# Osama in Afghanistan



## asdf;lkj (2 Apr 2006)

I just watched 60 minutes where they interviewed a guy who was Osama Bin Laden's chief bodyguard just before 9-11. He said he believes that Osama is currently hiding in Afghanistan - and he sounded very sincere and truthful about this. With everything that has gone on recently in Afghanistan, I wonder if that means we're getting close to catching Osama in Afghanistan. It may be a good explanation for the sudden increase in fighting.


----------



## Patrolman (2 Apr 2006)

Or maybe it is the same as every year in Afghanistan. Fighting increases with the melting of snow in the mountain passes.Spring allows more freedom of movement for the Taliban and Al Quieda forces.
 It probably just seems like an increase in violence now that the Canadian media is focusing more on a region that has remained hostile since the initial invasion of Afghanistan in 2001.


----------



## Cloud Cover (2 Apr 2006)

asdf;lkj said:
			
		

> I just watched 60 minutes where they interviewed a guy who was Osama Bin Laden's chief bodyguard just before 9-11. He said he believes that Osama is currently hiding in Afghanistan - and he sounded very sincere and truthful about this. With everything that has gone on recently in Afghanistan, I wonder if that means we're getting close to catching Osama in Afghanistan. It may be a good explanation for the sudden increase in fighting.

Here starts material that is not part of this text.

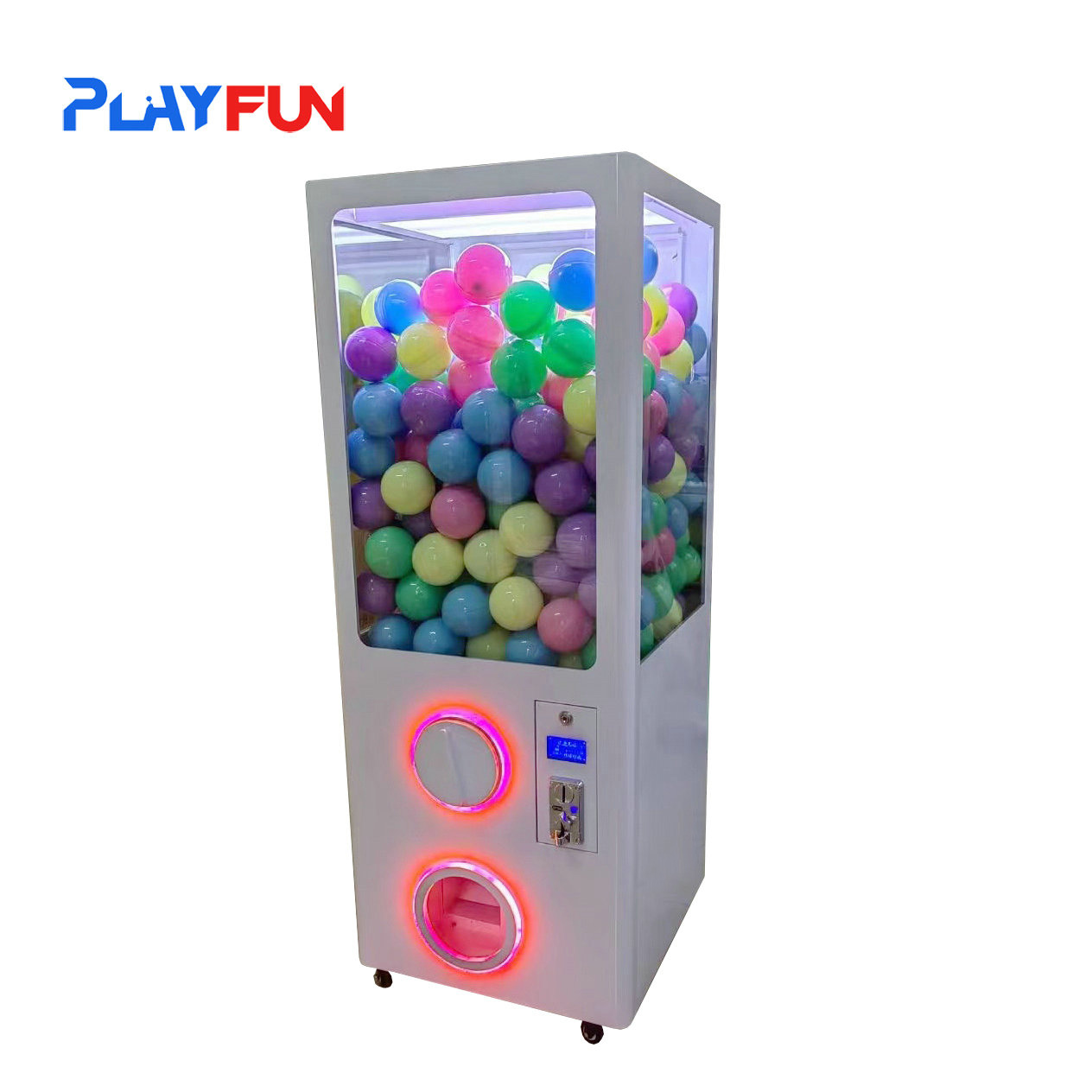 Playfun Easy Play 100mm Big La - Prize Capsule Toy Machine review and price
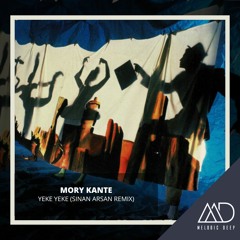 Mory Kante - Yeke Yeke (Sinan Arsan Remix)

Well, I am glad that someone working for T1 "sounded" "sincere and truthful" on TV. I hope it came out that way under the art of persuasion as well.


----------



## tomahawk6 (3 Apr 2006)

AQ will be a problem long after the current leadership is dead.


----------



## Scoobie Newbie (3 Apr 2006)

I suppose I would have to quit before turning him in wouldn't I.


----------



## SweetNavyJustice (3 Apr 2006)

Although there is definitely a ton of hiding places in the mountains and villages in Afghanistan I still find it difficult that you can continue to hide a 6'7" individual who needs kidney dialysis on a regular basis......


----------



## Centurian1985 (3 Apr 2006)

Osama is in Afghanistan only in US dreams; try over the border - ever hear of Waziristan? Pakistan! Pakistan! Pakistan! The only the US hasnt invaded yet is that Pakistan has nukes.  :skull:


----------



## pbi (4 Apr 2006)

Centurian1985 said:
			
		

> Osama is in Afghanistan only in US dreams; try over the border - ever hear of Waziristan? Pakistan! Pakistan! Pakistan! The only the US hasnt invaded yet is that Pakistan has nukes.  :skull:



Hmmm....that was a joke, right?  ( I'm a bit slow on these things sometimes.)

Cheers


----------



## Kurhaus (4 Apr 2006)

I don't think that the US is giving much of a priority to catching Bin Laden.  It is more effective having him on the run and looking over his shoulder, instead of letting him have breathing room to plot the next terrorist attacks.  If they happen to catch him during an operation then bonus. :cheers:


----------



## Centurian1985 (4 Apr 2006)

PBI, why do you think I'm joking? It's been my theory since he first disappeared.


----------



## wbbfan (4 Apr 2006)

Binladen may well still be in Afghanistan. I mean, what better place to hide in all the world? Those mountains are soo tricky. Alexander the great died trying to take them. They are virtually impenetrable.
But he can't stay in there forever.
If he isn't there, then he was probably gone before a soldier stepped foot in Afghanistan.


----------



## pbi (4 Apr 2006)

Centurian1985 said:
			
		

> PBI, why do you think I'm joking? It's been my theory since he first disappeared.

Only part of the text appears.